BEGIN RECORDS SHOWN

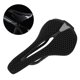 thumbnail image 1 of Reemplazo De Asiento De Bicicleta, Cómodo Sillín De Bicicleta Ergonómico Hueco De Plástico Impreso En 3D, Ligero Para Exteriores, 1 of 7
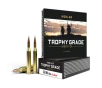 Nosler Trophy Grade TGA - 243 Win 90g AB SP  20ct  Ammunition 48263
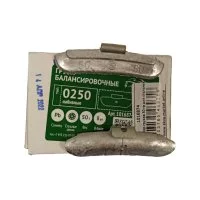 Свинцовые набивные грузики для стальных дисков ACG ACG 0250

END RECORDS SHOWN
BEGIN RECORDS SHOWN

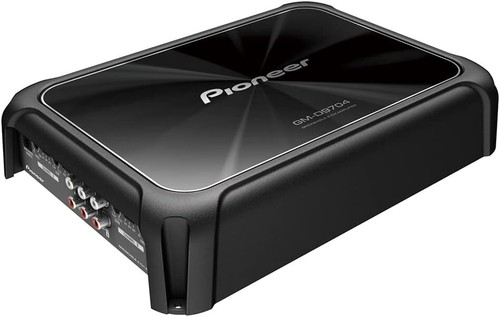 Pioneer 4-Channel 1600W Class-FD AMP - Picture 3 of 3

END RECORDS SHOWN

▸ **EXERCISE REQUIREMENTS**: All that should appear in the answer is the lines above from the line with "thumbnail image 1" through the line with "Свинцовые набивные грузики", retyped exactly, pictures left out.

▸ **EXERCISE SOLUTION**:
 thumbnail image 1 of Reemplazo De Asiento De Bicicleta, Cómodo Sillín De Bicicleta Ergonómico Hueco De Plástico Impreso En 3D, Ligero Para Exteriores, 1 of 7
 Nosler Trophy Grade TGA - 243 Win 90g AB SP  20ct  Ammunition 48263
 Свинцовые набивные грузики для стальных дисков ACG ACG 0250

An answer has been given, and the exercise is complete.